I have recently become fascinated by Japan and the Japanese language, and I hope to study Japanese at University next year.
However, as you can imagine, I am not yet fluent. Nowhere near so!

So, I need some help in writing a letter.
I've got the basic formal structure, including opening and closing passages, but I need some help with the main body of the letter.

I realise this is a vague question, and rather a lot to ask, but I would really appreciate this help and it's not the kind of information you can get from a dictionary, nor online translators (at least, not reliably!).

Basically, I want to be able to say (write) the following purple passage. I've sort of simplified it, but feel free to jig it around in order to get the meaning across. That is, as long as the meaning DOES come across! 
I do not, of course, expect miracles. Just let me know if any of you have any ideas. Otherwise, I'll simply write this section in English!

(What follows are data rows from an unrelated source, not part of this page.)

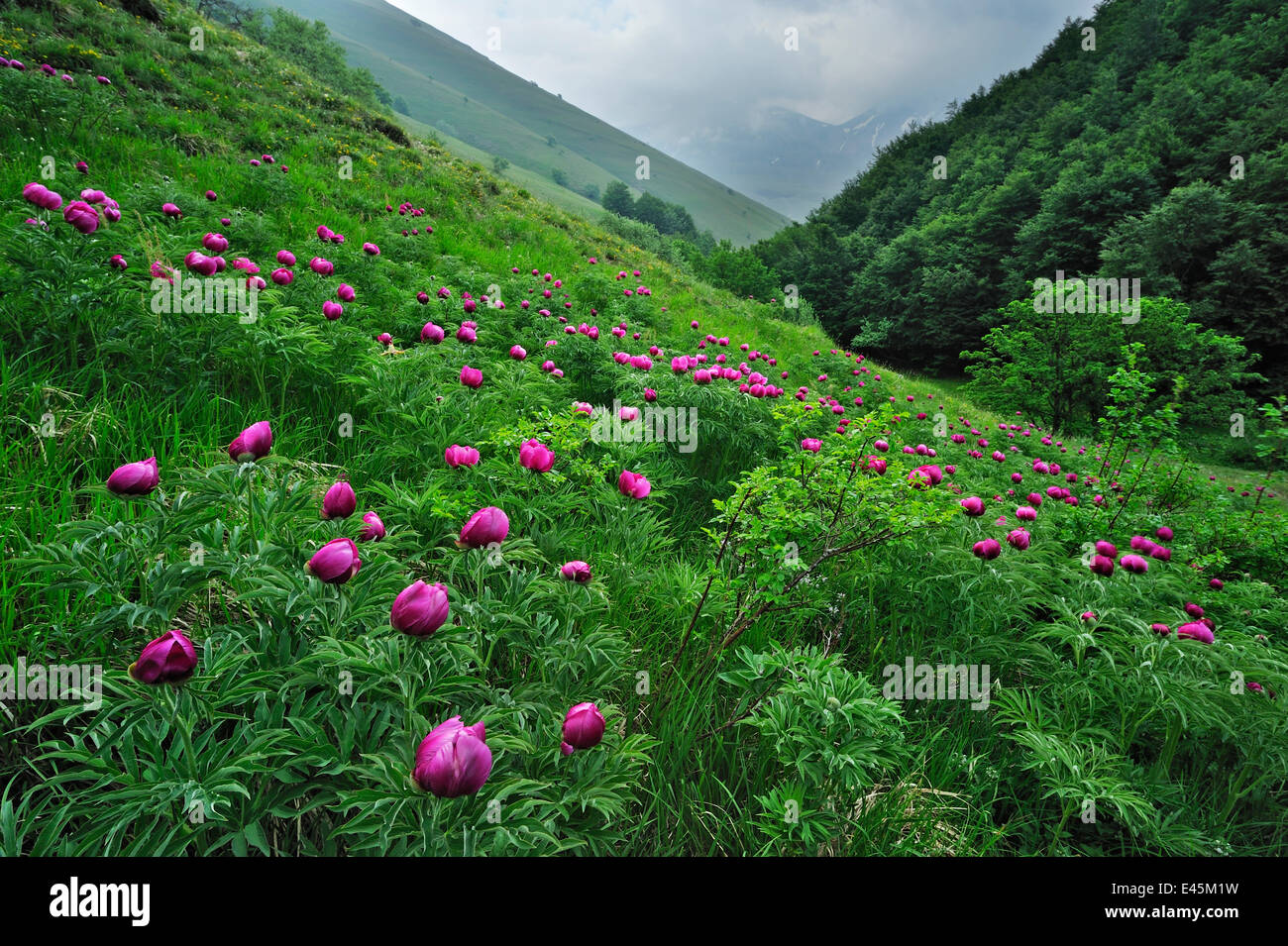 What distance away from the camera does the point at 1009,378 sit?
12570 millimetres

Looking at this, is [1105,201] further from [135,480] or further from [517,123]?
[517,123]

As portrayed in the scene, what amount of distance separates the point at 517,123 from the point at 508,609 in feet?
587

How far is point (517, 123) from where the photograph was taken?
14562 centimetres

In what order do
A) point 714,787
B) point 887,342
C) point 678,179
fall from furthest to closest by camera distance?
point 678,179 → point 887,342 → point 714,787

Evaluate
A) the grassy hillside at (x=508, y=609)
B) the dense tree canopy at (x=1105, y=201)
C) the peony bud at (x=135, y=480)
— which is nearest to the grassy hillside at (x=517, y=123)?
the dense tree canopy at (x=1105, y=201)

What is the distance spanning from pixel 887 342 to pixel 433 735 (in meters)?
38.7

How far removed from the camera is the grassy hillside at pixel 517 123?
11562 cm

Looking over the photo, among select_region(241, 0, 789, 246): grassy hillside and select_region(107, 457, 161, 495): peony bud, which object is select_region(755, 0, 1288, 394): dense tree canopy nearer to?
select_region(107, 457, 161, 495): peony bud

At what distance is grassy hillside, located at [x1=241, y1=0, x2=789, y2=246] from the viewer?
11562 centimetres

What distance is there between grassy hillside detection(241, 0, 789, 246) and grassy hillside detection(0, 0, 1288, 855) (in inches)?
4272

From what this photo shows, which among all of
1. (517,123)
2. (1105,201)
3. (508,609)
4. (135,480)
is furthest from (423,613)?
(517,123)

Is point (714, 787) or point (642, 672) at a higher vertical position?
point (642, 672)

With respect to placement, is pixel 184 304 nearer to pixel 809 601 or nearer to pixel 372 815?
pixel 372 815
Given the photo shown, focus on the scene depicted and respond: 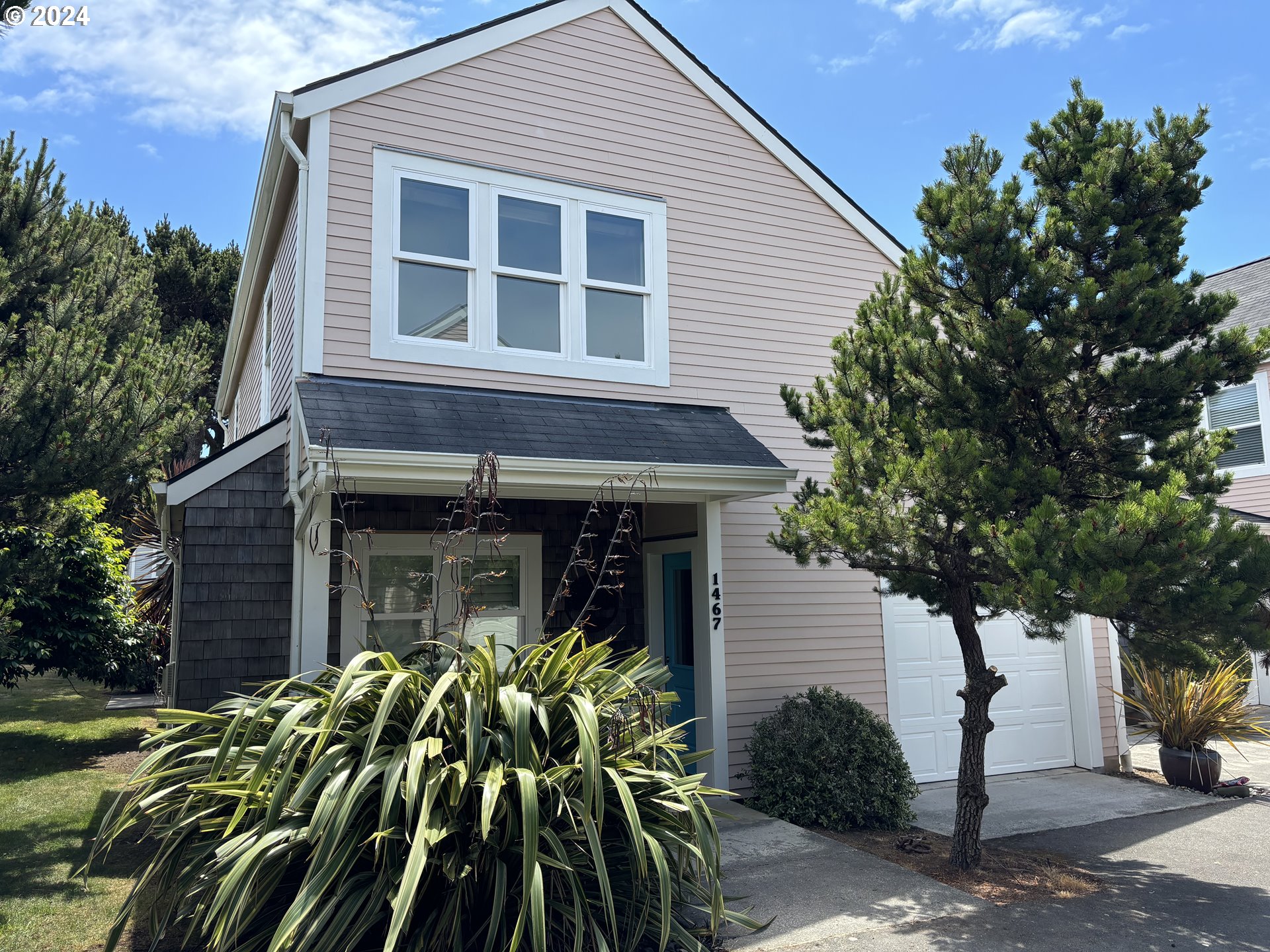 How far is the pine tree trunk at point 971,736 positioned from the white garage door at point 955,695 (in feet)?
8.79

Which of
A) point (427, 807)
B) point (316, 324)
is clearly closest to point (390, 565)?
point (316, 324)

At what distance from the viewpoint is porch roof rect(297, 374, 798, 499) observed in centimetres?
595

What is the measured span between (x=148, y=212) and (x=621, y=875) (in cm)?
2741

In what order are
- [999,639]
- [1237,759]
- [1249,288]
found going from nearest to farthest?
1. [999,639]
2. [1237,759]
3. [1249,288]

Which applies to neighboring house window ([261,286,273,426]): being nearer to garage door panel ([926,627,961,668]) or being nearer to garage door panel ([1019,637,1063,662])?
garage door panel ([926,627,961,668])

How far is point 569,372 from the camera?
7824mm

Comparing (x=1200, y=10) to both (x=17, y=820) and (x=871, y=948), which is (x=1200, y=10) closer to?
(x=871, y=948)

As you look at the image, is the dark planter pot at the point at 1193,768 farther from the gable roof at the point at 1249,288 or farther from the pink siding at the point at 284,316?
the pink siding at the point at 284,316

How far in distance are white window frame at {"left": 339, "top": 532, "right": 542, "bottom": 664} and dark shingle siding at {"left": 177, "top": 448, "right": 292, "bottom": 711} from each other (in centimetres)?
58

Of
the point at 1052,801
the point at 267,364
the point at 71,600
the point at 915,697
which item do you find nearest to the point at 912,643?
the point at 915,697

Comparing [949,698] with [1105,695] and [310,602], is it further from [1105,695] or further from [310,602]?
[310,602]

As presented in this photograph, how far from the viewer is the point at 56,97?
11055 mm

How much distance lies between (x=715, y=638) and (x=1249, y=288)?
1485 cm

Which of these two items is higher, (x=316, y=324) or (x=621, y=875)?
(x=316, y=324)
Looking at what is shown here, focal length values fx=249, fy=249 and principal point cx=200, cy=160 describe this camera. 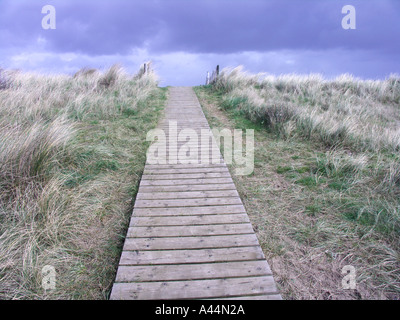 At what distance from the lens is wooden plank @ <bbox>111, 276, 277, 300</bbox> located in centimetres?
222

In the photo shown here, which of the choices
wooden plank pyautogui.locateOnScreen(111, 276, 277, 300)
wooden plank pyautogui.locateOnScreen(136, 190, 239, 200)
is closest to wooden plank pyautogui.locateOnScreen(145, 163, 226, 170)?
wooden plank pyautogui.locateOnScreen(136, 190, 239, 200)

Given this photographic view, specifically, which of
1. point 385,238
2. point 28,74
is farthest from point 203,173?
point 28,74

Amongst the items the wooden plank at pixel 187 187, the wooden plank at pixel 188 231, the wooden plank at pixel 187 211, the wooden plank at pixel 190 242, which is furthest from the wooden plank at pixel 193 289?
the wooden plank at pixel 187 187

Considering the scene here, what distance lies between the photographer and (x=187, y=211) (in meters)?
3.30

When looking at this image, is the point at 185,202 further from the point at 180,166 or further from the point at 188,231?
the point at 180,166

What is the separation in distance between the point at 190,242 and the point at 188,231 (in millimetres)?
179

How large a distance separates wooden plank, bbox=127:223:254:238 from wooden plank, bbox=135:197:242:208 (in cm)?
45

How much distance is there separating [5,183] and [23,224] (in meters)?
0.79

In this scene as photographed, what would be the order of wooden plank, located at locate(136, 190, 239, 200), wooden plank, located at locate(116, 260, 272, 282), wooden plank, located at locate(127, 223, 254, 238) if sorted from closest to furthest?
wooden plank, located at locate(116, 260, 272, 282) → wooden plank, located at locate(127, 223, 254, 238) → wooden plank, located at locate(136, 190, 239, 200)

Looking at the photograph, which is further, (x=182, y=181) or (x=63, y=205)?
(x=182, y=181)

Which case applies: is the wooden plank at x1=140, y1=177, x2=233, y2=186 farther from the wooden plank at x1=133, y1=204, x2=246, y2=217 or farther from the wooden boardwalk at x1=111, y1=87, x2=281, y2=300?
the wooden plank at x1=133, y1=204, x2=246, y2=217

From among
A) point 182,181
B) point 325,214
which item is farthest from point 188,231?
point 325,214

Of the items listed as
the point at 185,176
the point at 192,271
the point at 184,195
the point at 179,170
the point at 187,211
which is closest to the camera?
the point at 192,271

After seeing your films, I became fascinated with Japan and will study Japanese at University next year. I hope to visit soon and stay for a while in the future, maybe to teach or write. Perhaps one day we will work together?(I'd rather this was more lighthearted than fangirly...!)
I have enclosed a Christmas card and a sketch I did of the Oku-chichibu mountains. I hope you like them.


I would've liked to have said more, but I realise that this is a lot to ask.
I would prefer answers in either ROMAJI or KANJI, please. I can copy & paste Kanji, but can type Romaji (which I would prefer).

Many thanks in advance,

- lmarfell


----------



## katable

***（Here the name of the person)さんの映画を見てから日本に魅了されまして来年大学で日本語を勉強したいと思っています。

After that you want to say that you hope to visit and stay in Japan, right?

もしかしたらいつか一緒に働くだろうか。（Im not very sure of the last part)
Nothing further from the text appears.